Figure 4: Example show our xAI heatmap for a diffusion deepfake generated by Meta’s Emu generator11
xAI for Vision Transformer
The above approaches work on Convolutional Neural Networks (CNNs) and can be leveraged for Visual Transformers (ViTs) as well. Yet for ViT architectures, one can leverage the baked-in self-attention mechanisms that naturally lend themselves to xAI. The self-attention mechanism captures the spatial saliency within the network, which is really the essence of what we are after in xAI for Computer Vision. A caveat here is that sometimes Visual Transformers have been found to use tokens as information storage to summarize information from other tokens, which results in meaningless xAI heatmaps with bright spots in random locations across the image12.
At Reality Defender, we are actively working on improving our understanding of deepfakes/genAI and providing human interpretable explanations for the output of our deepfake detector models. xAI is a crucial tool in our research into deepfake detection and provides our customers with an intuitive visual means of understanding what our models are doing.
1 www.midjourney.com
2 High-Resolution Image Synthesis with Latent Diffusion Models, R Rombach et al., Arxiv preprint arXiv/2112.10752 (2021).
3 Improving image generation with better captions, B James et al., Computer Science. https://cdn. openai. com/papers/dall-e-3. pdf (2023)

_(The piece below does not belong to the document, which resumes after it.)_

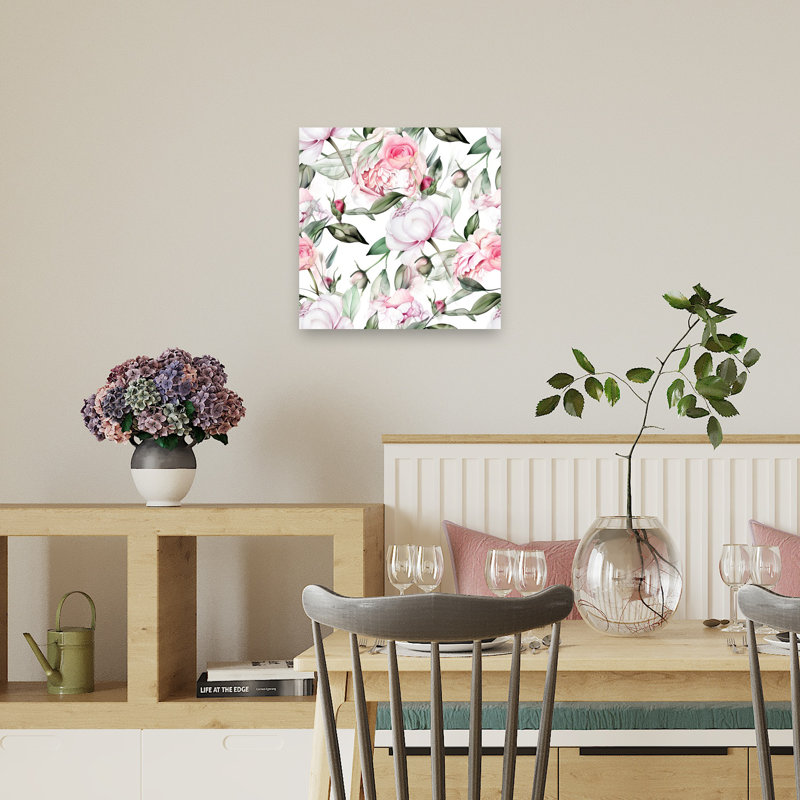 Aquarelle, pivoines roses, fleurs de pivoines romantiques délicates et élégantes, H 18 po x l 18 po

4 Alias-free generative adversarial networks, T Karras et al., Advances in Neural Information Processing Systems 34 (2021)
5 Opportunities and Challenges in Explainable Artificial Intelligence (XAI): A Survey, A Das et al., Arxiv preprint Computer Vision and Pattern Recognition (cs.CV) arXiv:2006.11371
6 Attribution-based XAI methods in computer vision: A review, A Kumar et al., ArXiv preprint Computer Vision and Pattern Recognition (cs.CV) arXiv:2211.14736 2022.
7 Grad-CAM: Visual Explanations from Deep Networks via Gradient-Based Localization, RR Selvaraju et al. 2017 IEEE International Conference on Computer Vision (ICCV).
8 Eigen-CAM: Class Activation Map using Principal Components, MB Muhammad et al. 2020 IEEE International Joint Conference on Neural Networks (IJCNN)
9 www.reface.ai
10 Emu: Enhancing image generation models using photogenic needles in a haystack, Dai, Xiaoliang, et al. arXiv preprint arXiv:2309.15807 (2023).
11 Emu: Enhancing image generation models using photogenic needles in a haystack, Dai, Xiaoliang, et al. arXiv preprint arXiv:2309.15807 (2023).
12 Vision Transformers Need Registers, T Darcet et al. ICLR 2024 Conference.